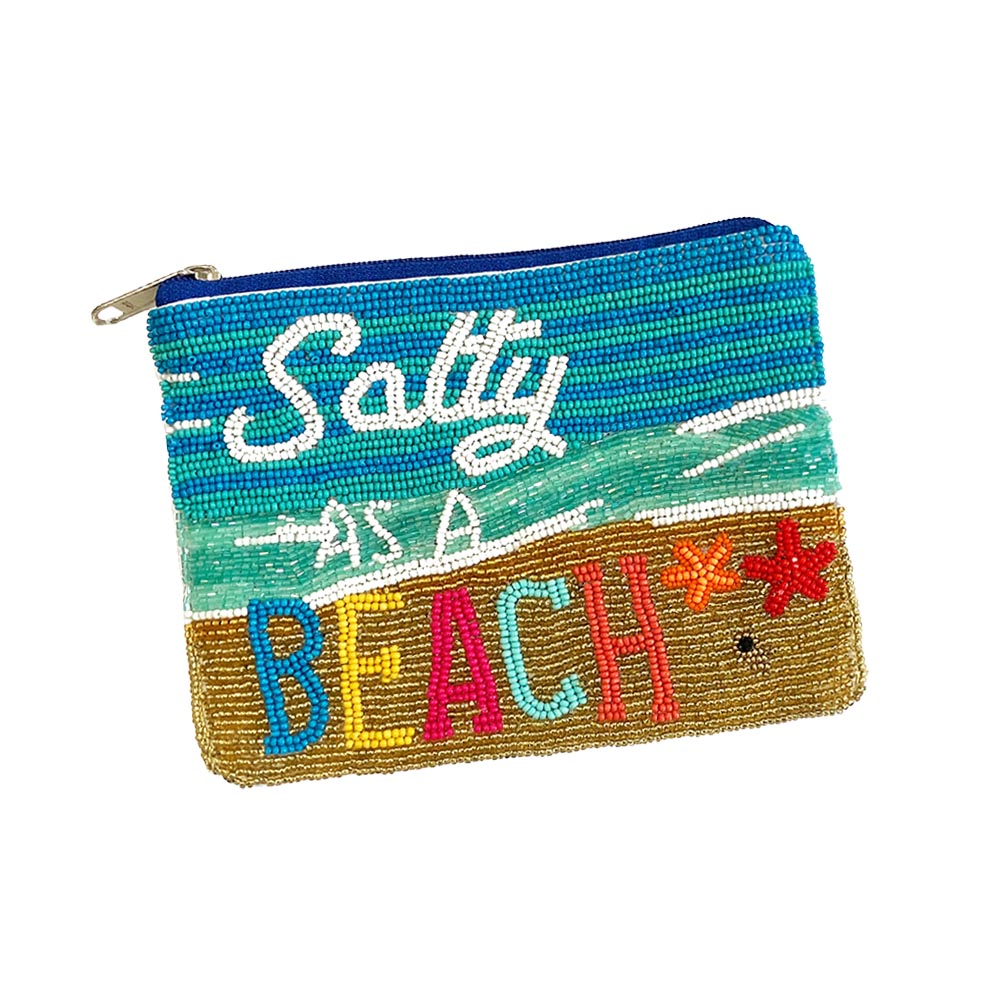 SALTY AS A BEACH Message Seed Beaded Mini Pouch Bag
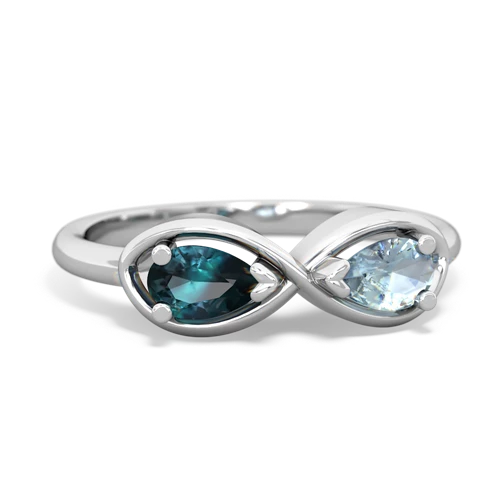 Lab Alexandrite Lab Created Alexandrite with Genuine Aquamarine Infinity ring Ring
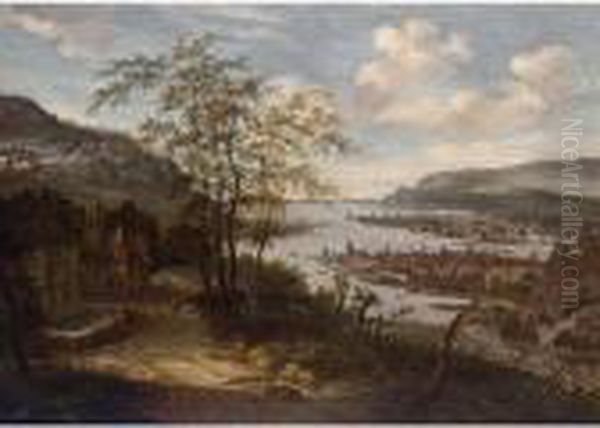 An Extensive River Landscape 
With Towns And Sailing Boats, Figures Near A Fountain On The Left And 
Mountains Beyond Oil Painting by Dionys Verburgh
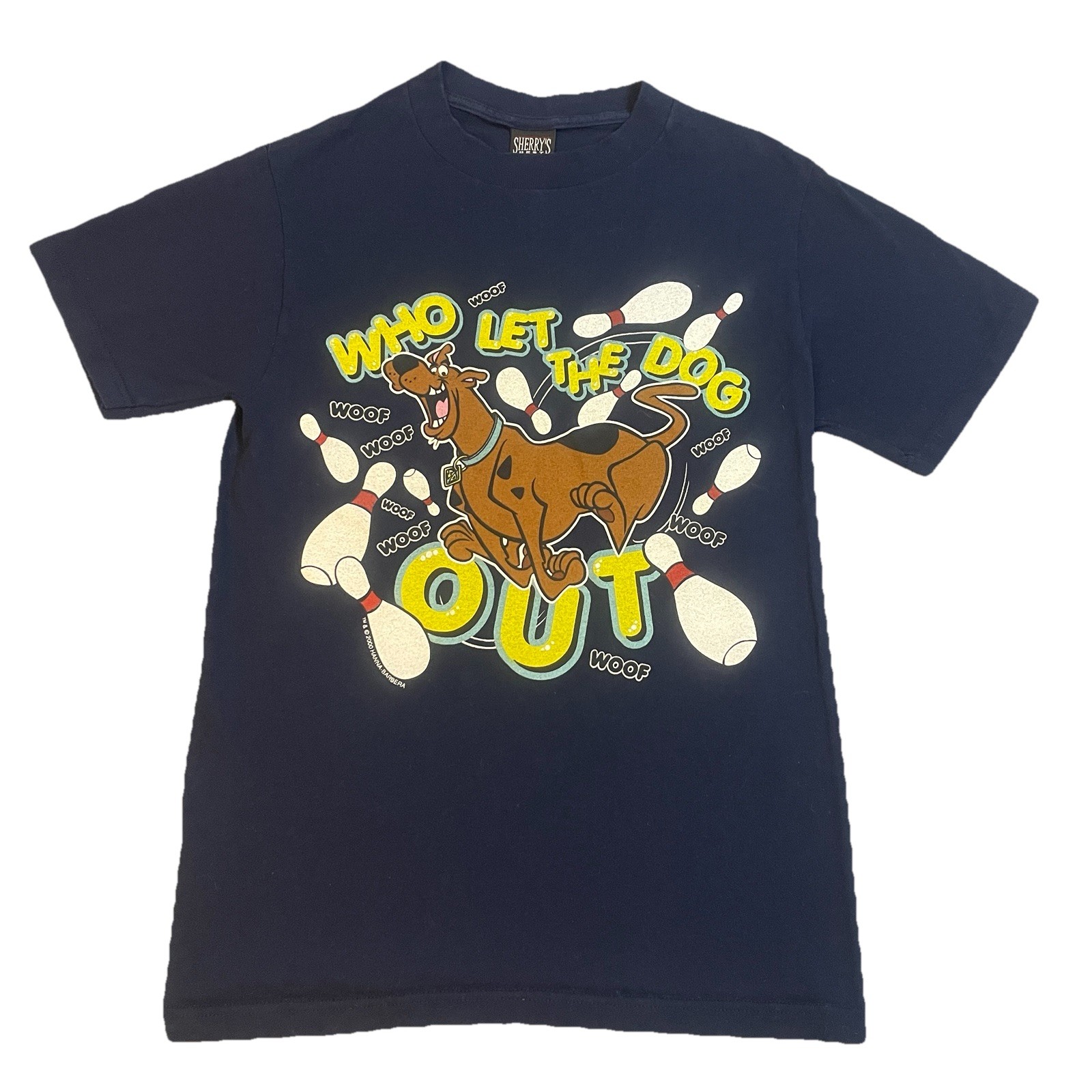 Vintage 90s Scooby-Doo T-Shirt Boys Small Bowling Art Graphic Streetwear Kids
========
**TASK STATEMENT**. Repeat the data word for word. Skip the pictures.

**TASK OUTPUT**.
 SALTY AS A BEACH Message Seed Beaded Mini Pouch Bag
 Lab Alexandrite Lab Created Alexandrite with Genuine Aquamarine Infinity ring Ring
 An Extensive River Landscape 
With Towns And Sailing Boats, Figures Near A Fountain On The Left And 
Mountains Beyond Oil Painting by Dionys Verburgh
 Vintage 90s Scooby-Doo T-Shirt Boys Small Bowling Art Graphic Streetwear Kids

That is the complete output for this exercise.